I don't know much about this blogging business and have resisted it until now. However, having been obliged to create an ID in order to add comments to someone else's blog, I thought I might have a bash at starting one that would keep my SSF friends in the picture about what's going on.
It's a very busy time, getting ready for the forthcoming event at The Lamb in Bloomsbury, whilst simultaneously trying to make logistical arrangements for September's annual conference, which will be in Cardiff. I thought I was saving myself a bit of effort, holding the conference in Cardiff, which is only 10 miles or so down the road from my home, but now I realise I am not going to get off lightly. I will still have to stay in Cardiff overnight if I want to enjoy the camaraderie of my SSF friends. The only real benefit is that I can easily nip home if I forget anything!
Coming up to the conference - or any event - I will probably start having the usual anxiety dreams. Either no one has turned up and the speakers are sitting around twiddling their thumbs, or the audience has turned up but there are no speakers. In one dream, Sir Patrick Moore arrived unexpectedly (he was still alive then) and asked if I'd mind him putting his old astronomy magazines up for sale.
I hope I don't sound like I'm complaining about the fact that we have all these interesting events going on.

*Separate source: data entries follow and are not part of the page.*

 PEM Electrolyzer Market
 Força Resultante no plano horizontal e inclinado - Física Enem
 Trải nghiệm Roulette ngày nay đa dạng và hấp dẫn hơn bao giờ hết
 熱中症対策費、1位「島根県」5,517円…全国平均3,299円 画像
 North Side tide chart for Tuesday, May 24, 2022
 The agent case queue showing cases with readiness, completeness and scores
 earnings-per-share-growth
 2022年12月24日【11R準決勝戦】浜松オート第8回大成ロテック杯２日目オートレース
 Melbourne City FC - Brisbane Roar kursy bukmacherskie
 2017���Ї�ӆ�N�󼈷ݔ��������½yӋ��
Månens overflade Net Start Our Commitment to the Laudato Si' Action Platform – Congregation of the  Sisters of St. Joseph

However, I do sometimes pause to look at myself from the outside and think, "Why am I doing this?" You see, I co-founded the Siegfried Sassoon Fellowship (way back in 2001) because I thought it would be rather nice to have events like these to go to. What I didn't anticipate was that organising them would cause me so much hassle (only some of the time, of course) that I would often not have much chance to enjoy them myself. Towards the end of one of the conferences, while the Chair and I were washing up, she turned to me and said, "I didn't even have a chance to try the cheese scones". I replied indignantly, "I didn't even get a cup of tea!"

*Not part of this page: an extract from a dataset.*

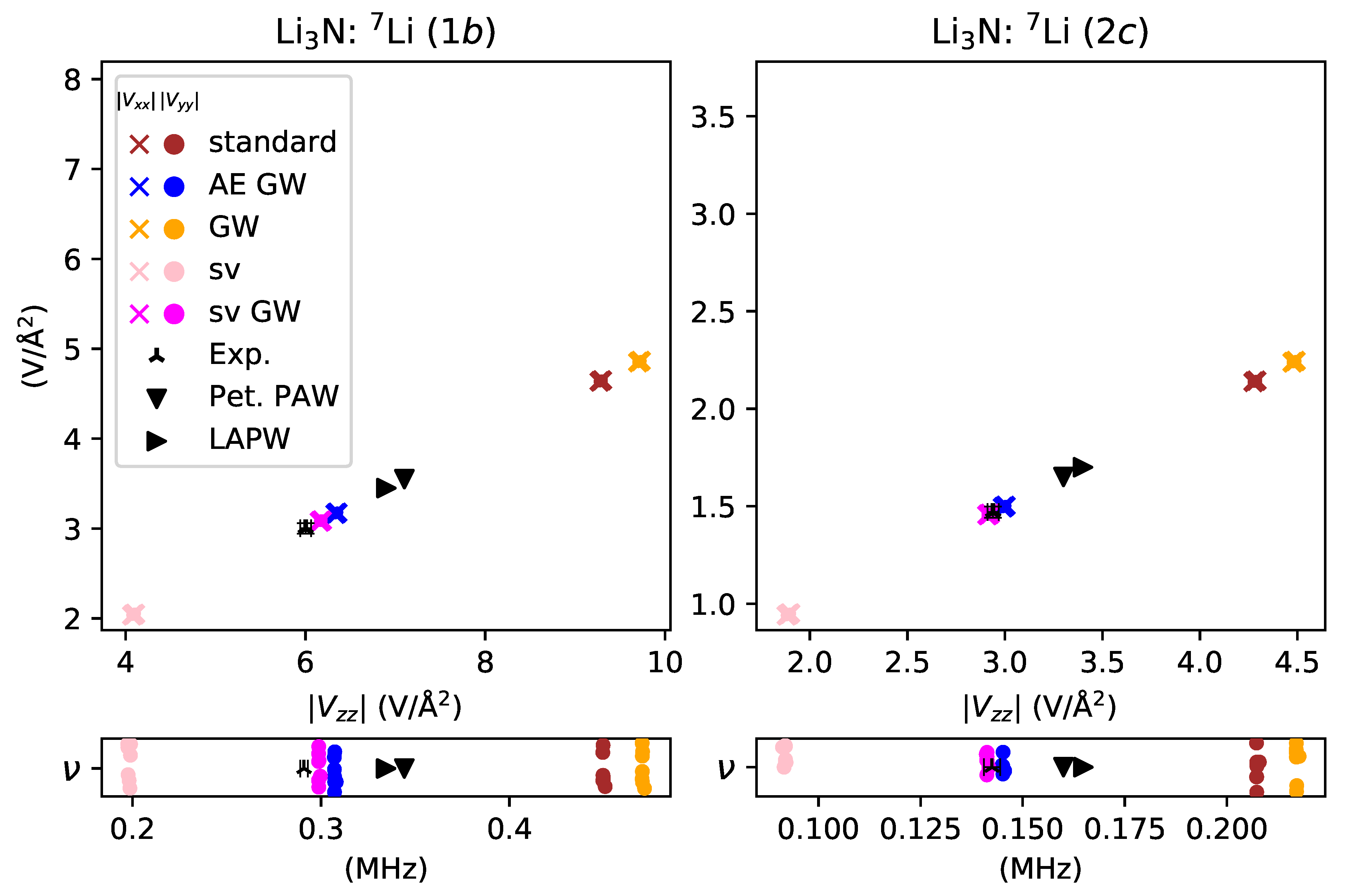 Crystals 09 00507 g005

Er...yes, I do sound like I'm complaining. I recognise myself as a certain (possibly rather annoying) type of person who likes to be in control of situations. We are life's organisers, and we spend all our time rushing around telling other people what to do (and of course not being happy unless they do it our way), so much so that we sometimes feel, usually after the event, that we've missed out on the enjoyable bits. Nevertheless, there is a perverse pleasure to be had from it all, and I would do it all again (although hopefully some of it would be more successful at the second attempt).

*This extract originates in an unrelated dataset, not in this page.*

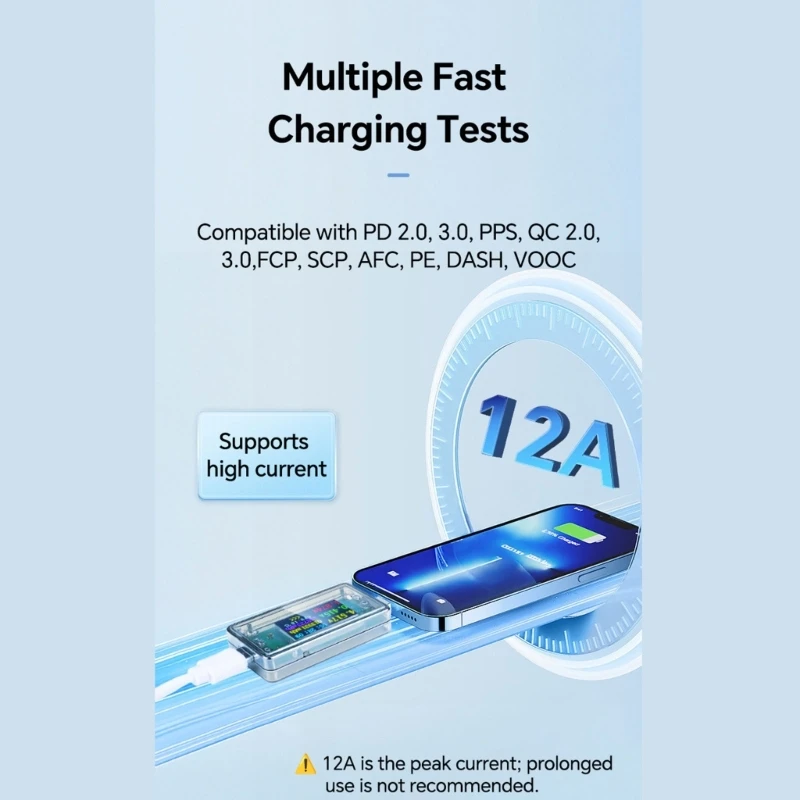 P5EA Clear Shell USB C Power Analyzers with Value Recording and 3 Decimal Precisions Suitable for Device Diagnostics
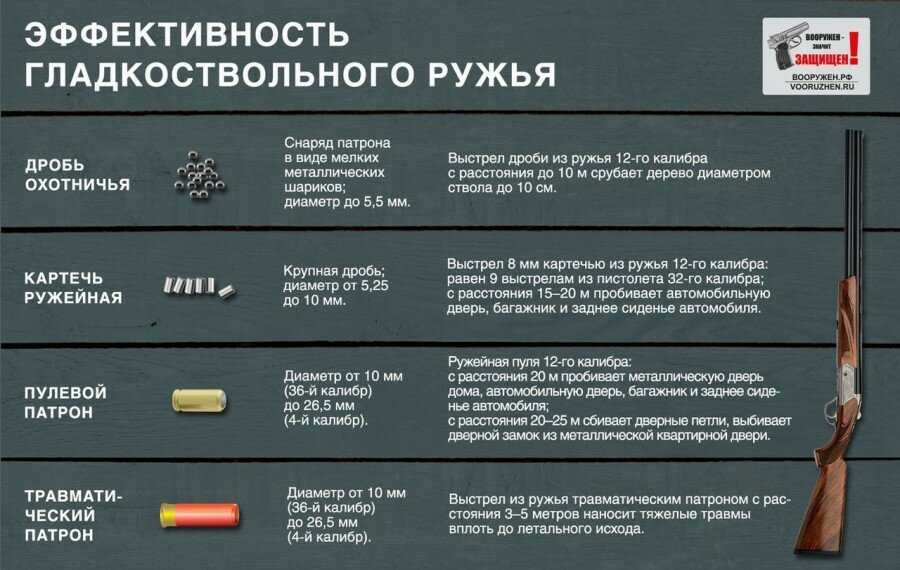 Установите соответствие крупное судно короткоствольное ружье завоевание морская карта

No, it's not all drudgery - far from it. I look back with great pleasure on some of our past conferences: watching Neil Brand's moving play "Between the Lines" being brought to life by a first-rate cast; having tea in the sunshine at Cambridge after a walk to the grave of William Rivers; listening to Max Egremont and Dennis Silk discuss their memories of George and Siegfried Sassoon; the many superb lectures from Jean Moorcroft Wilson on a multitude of subjects; an inspiring poem being read out by a (then) complete stranger in the memorial garden at Stratford; and of course the never-to-be-forgotten minibus trip to Boar's Hill. The fun I've had - arguing over bills, proof-reading the Journal, driving to Malvern in thick fog, losing Meg on the London Underground, wandering round Ypres in the dark, walking to Henry Vaughan's grave in the pouring rain, being accidentally poked in the eye by Kayleigh and throwing up in my hotel room... I could go on all night!
The best thing about it all, though, is the making of friends. I don't just mean all the new friends I've personally acquired through the SSF, but the way I've watched other friendships spring up, independent of me, between "like-minded people". It's a somewhat clichéd phrase, but it really means something. The sheer diversity in the ranks of our members came as a surprise to me as much as it did to anyone; what they have in common is that they all see something special in the life and work of Siegfried Sassoon. You may be one of them.
So I hope, if anyone's actually reading this, that you'll join me at The Lamb on 6th April to hear Dr Santanu Das and Christian Major, have lunch with the gang and see some of the "novelty" goods I've acquired for sale in aid of SSF funds. And really, don't take any notice of my moaning - if I wasn't Secretary of the SSF, I don't know what I'd do!